JAIRO LEAL is a Senior Petroleum Engineer in the Gas Production Engineering Division of the Southern Area Production Engineering Department at Uthmaniyah Ghawar field of Saudi Aramco, based in Udhailiyah, Saudi Arabia. He has 21 years of experience in the oil and gas industry in areas including well completion, workover, acid stimulation, perforating and proppant fracturing, covering operations in Colombia, Venezuela, Argentina and Saudi Arabia. He has authored more than 15 SPE papers on technology innovation and applications, fluids, stimulation and well performance. In 1990, Mr. Leal received his B.S. degree in Petroleum Engineering from Universidad Industrial de Santander, Bucaramanga, Colombia, and a specialization in project management from Pontificia Universidad Javeriana, Bogota, Colombia, in 2005.

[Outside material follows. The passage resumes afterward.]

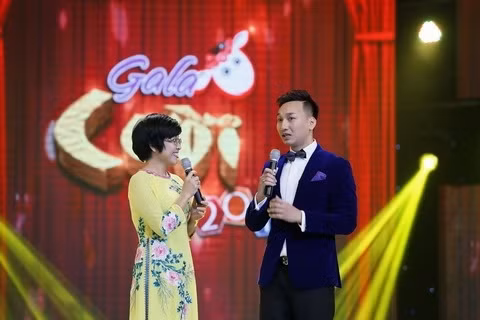 Ba cây hài miền Bắc Quang Thắng, Vân Dung và NSUT Tự Long trong tiểu phẩm Đặt tên cho con, kể về ông chồng (Quang Thắng) phong kiến, nằng nặc đòi vợ đẻ con trai khi nhà đã có tới 6 đứa con gái. Các nghệ sĩ hài miền Nam trong tiểu phẩm Người tốt còn sót lại. Các diễn viên của nhà hát Tuổi Trẻ là Bá Anh (giữa), Diễm Hương, Duy Nam trong tiểu phẩm Trái xanh phê phán tình trạng "sống thử" mà một số bạn trẻ mong muốn trải nghiệm mà không lường trước những hậu quả họ có thể gặp phải. MC Thảo Vân và diễn viên Thành Trung dẫn chương trình NSƯT Tự Long và NSND Hồng Vân Nam ca sĩ Quang Linh Dàn diễn viên hài ra mắt khán giả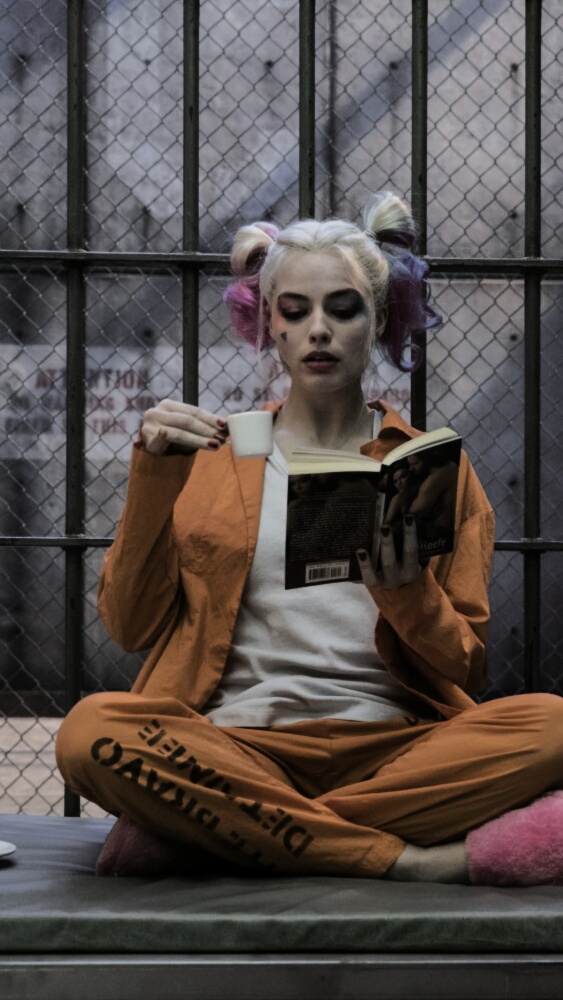 Suicide Squad, Harley Quinn, And Joker Image - Harley Quinn Suicide Squad Prison - HD Wallpaper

ATAUR R. MALIK has been a Senior Petroleum Engineer with the Gas Production Engineering Division of Saudi Aramco since 2008. Prior to joining Saudi Aramco, he worked at Enviro-Test Laboratories, Canada, beginning in 1998, and then joined Schlumberger Canada Ltd. in 2000, working as a Well Stimulation Specialist in Canada and offshore Malaysia. In 1995, Mr. Malik received his B.S. degree in Chemical Engineering from Washington State University, Pullman, Wash., and his M.E. degree in Chemical Engineering from City College of the City University of New York, N.Y., in 1998. He is registered as a Professional Engineer with the Association of Professional Engineers, Geologists, and Geophysicists of Alberta, Canada, and is a member of SPE.
SIMEON BOLARINWA is a Senior Petroleum Engineer with Saudi Aramco’s Gas Production Engineering Division of the Southern Area Production Engineering Department (SAPED). Prior to joining Saudi Aramco in 2009, he worked for Schlumberger Well Services Coiled Tubing division for 12 years in various capacities in West Africa and North America. In 1995, Mr. Bolarinwa received his M.S degree in Mechanical Engineering from the now Gubkin Russian State University of Oil and Gas, Moscow, Russia, specializing in drilling machines and equipment.

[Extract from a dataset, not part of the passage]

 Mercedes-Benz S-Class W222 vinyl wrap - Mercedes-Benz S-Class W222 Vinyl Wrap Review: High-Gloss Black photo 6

FADEL AL-GHURAIRI is a Senior Production Engineer working on gas fields for Saudi Aramco. He has 24 years of experience in production and reservoir engineering. In the last 10 years he has specialized in stimulation and fracturing of deep gas wells. He holds a B.S. degree in Petroleum Engineering from the King Fahd University of Petroleum and Minerals.
TOMISLAV BUKOVAC is a Schlumberger Stimulation District Technical Engineer based in Saudi Arabia. He has nine years of experience in oil and gas industry in areas such as sand control, matrix acidizing, hydraulic fracturing and production engineering, with operations in Algeria, the U.S., Central and Eastern Europe, offshore Black Sea and Saudi Arabia. In 2003, he received his B.S. degree in Petroleum Engineering from the University of Zagreb, Croatia. He has authored several articles and SPE papers in the field of stimulation technology application.
DR. M. NIHAT GURMEN is a Technical Manager at Schlumberger for the Arabian Market covering Saudi Arabia and Bahrain. He is a Subject Matter Expert in the company for stimulation products, fluids and services. He has 12 years of academic and industrial experience in the oil and gas industry. He served in several technical and operational positions covering a wide variety of basins in the world. Dr. Gurmen received his B.S. degree in Chemical Engineering from Bogazici University, Istanbul, Turkey, and earned a Ph.D. degree from the University of South Florida, Tampa, Fla. He was a postdoctoral fellow at the University of Michigan, Ann Arbor, Mich., in the Fogler Research Group before joining Schlumberger. Nihat is an active member of SPE, and is co-author of numerous journal, SPE and patent publications.
BRIAN SINOSIC is a Senior Production Engineer with Schlumberger. He has 11 years of experience in the oil and gas industry, having served in operational and technical positions within several basins in the U.S. midcontinent, Alaska and Saudi Arabia. His expertise includes well cementing, stimulation and production evaluation in both sandstone and carbonate reservoirs under a variety of pressure and temperature conditions. He received his B.S. degree in Chemical Engineering from the University of Waterloo in Ontario, Canada, and is a member of SPE.